Problem —
Print only the lines below from the one with "Pocket Cambridge Handbook" to the one with "2019年欧冠四强诞生！八强赛结果及关键进球全纪录", both included, exactly as they stand. Leave pictures out.

Data shown: Begin

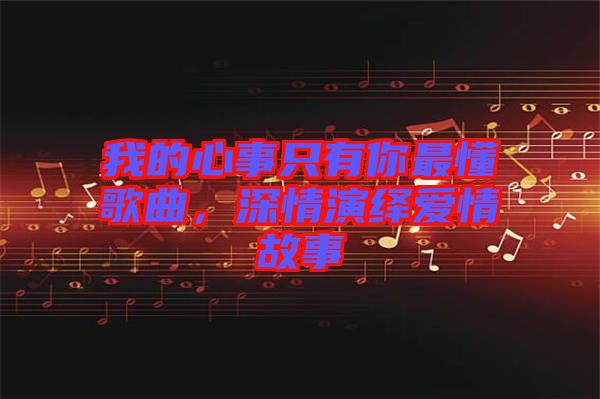 我的心事只有你最懂歌曲，深情演繹愛情故事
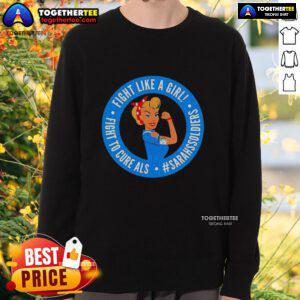 Top Fight Like A Girl Fight To Cure ALS sweatshirt featuring Sarah's Soldiers design, promoting awareness and support.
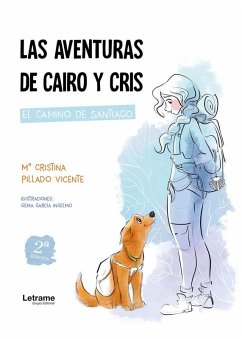 Las aventuras de Cairo y Cris. 2ª Edición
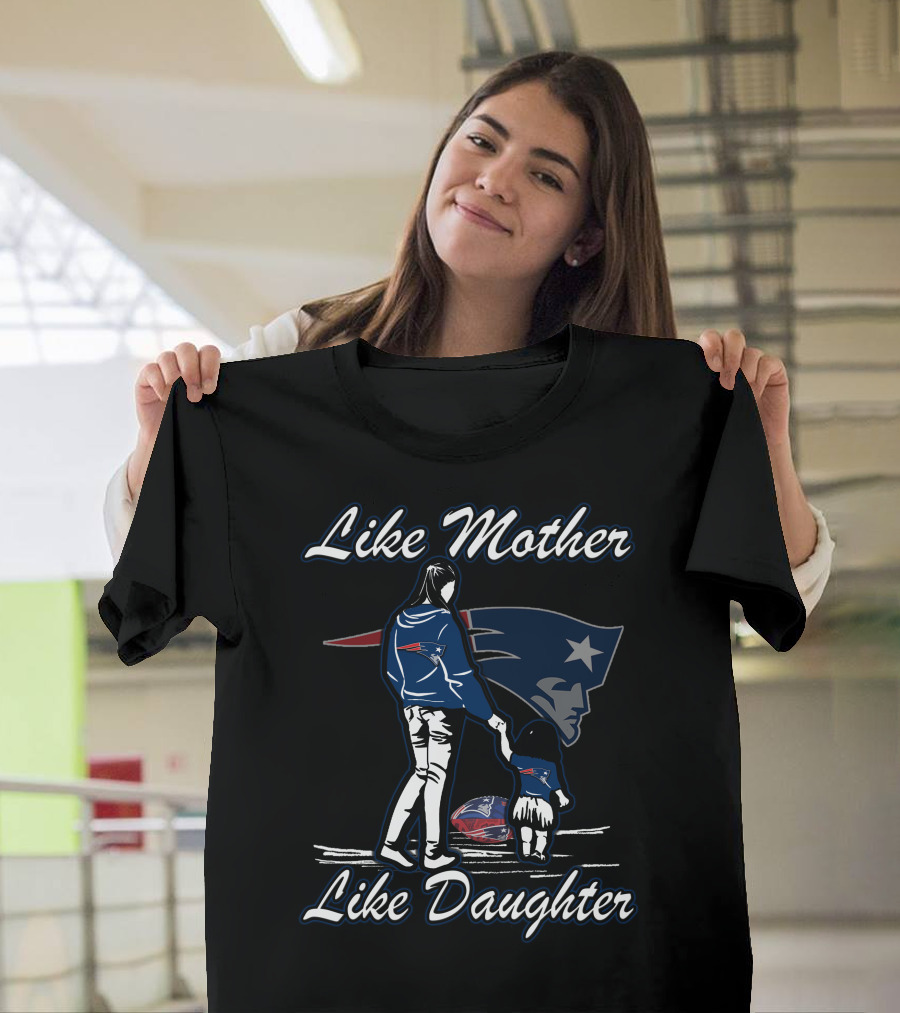Like Mother Like Daughter New England Patriots Bow And Arrow Patriots T-Shirt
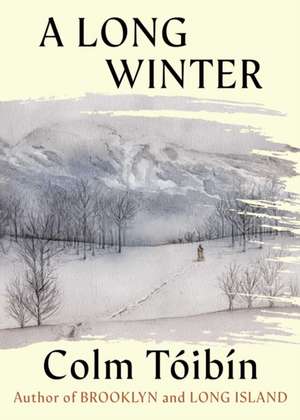 A Long Winter de Colm Tóibín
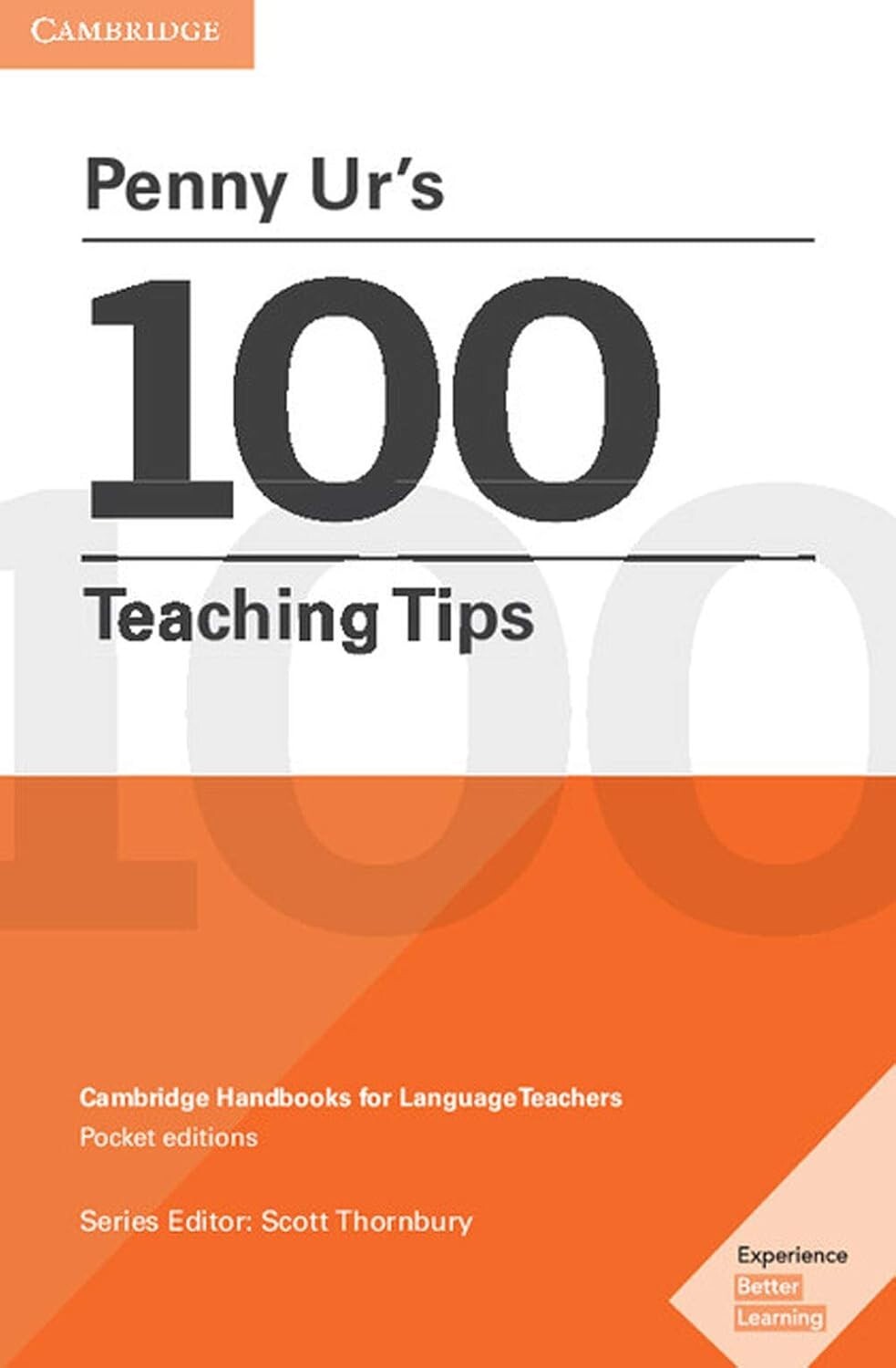 Pocket Cambridge Handbook for Language Teachers PENNY UR'S 100 TEACHING TIPS New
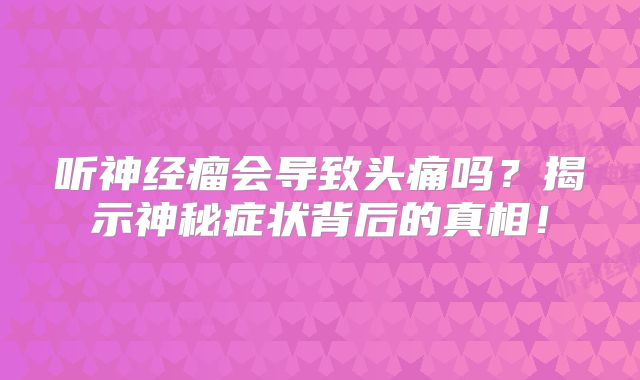 听神经瘤会导致头痛吗？揭示神秘症状背后的真相！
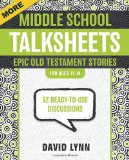 More Middle School Talksheets, Epic Old Testament Stories 52 Ready-to-Use Discussions 2012 9780310889328 Front Cover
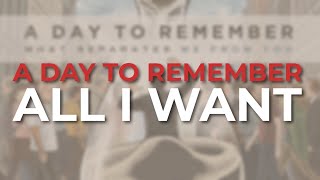 A Day To Remember - All I Want (Official Audio)
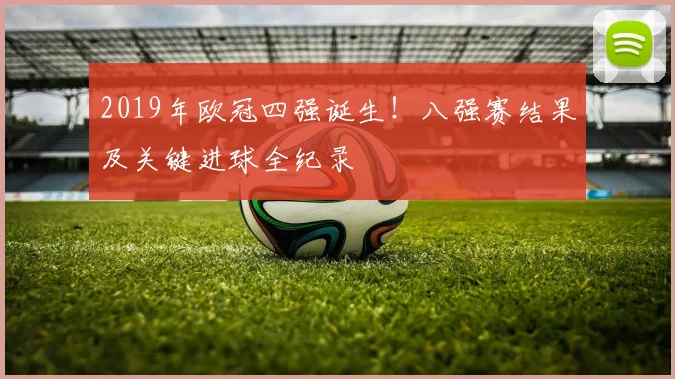 2019年欧冠四强诞生！八强赛结果及关键进球全纪录
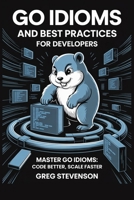 GO IDIOMS AND BEST PRACTICES FOR DEVELOPERS: Master Go Idioms: Code Better, Scale Faster B0FJ5R8R5V Book Cover
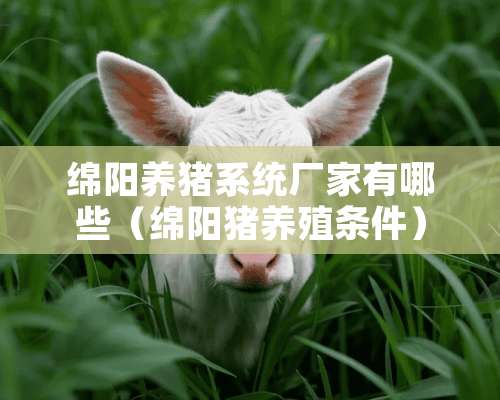 绵阳养猪系统厂家有哪些（绵阳猪养殖条件）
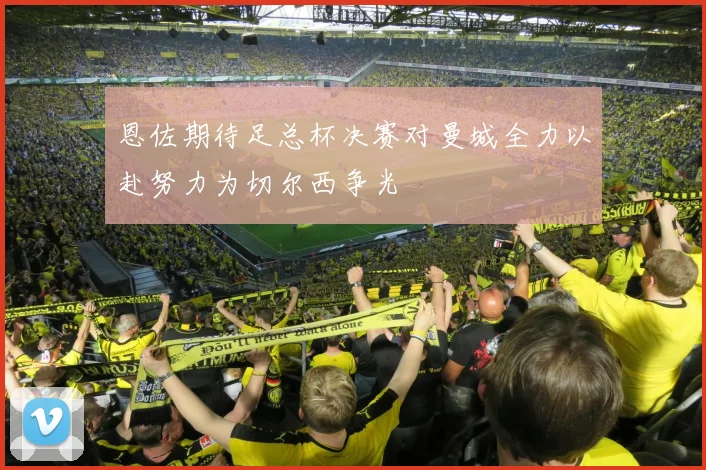 恩佐期待足总杯决赛对曼城全力以赴努力为切尔西争光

Data shown: End

Task solution —
 Pocket Cambridge Handbook for Language Teachers PENNY UR'S 100 TEACHING TIPS New
 听神经瘤会导致头痛吗？揭示神秘症状背后的真相！
 More Middle School Talksheets, Epic Old Testament Stories 52 Ready-to-Use Discussions 2012 9780310889328 Front Cover
 A Day To Remember - All I Want (Official Audio)
 2019年欧冠四强诞生！八强赛结果及关键进球全纪录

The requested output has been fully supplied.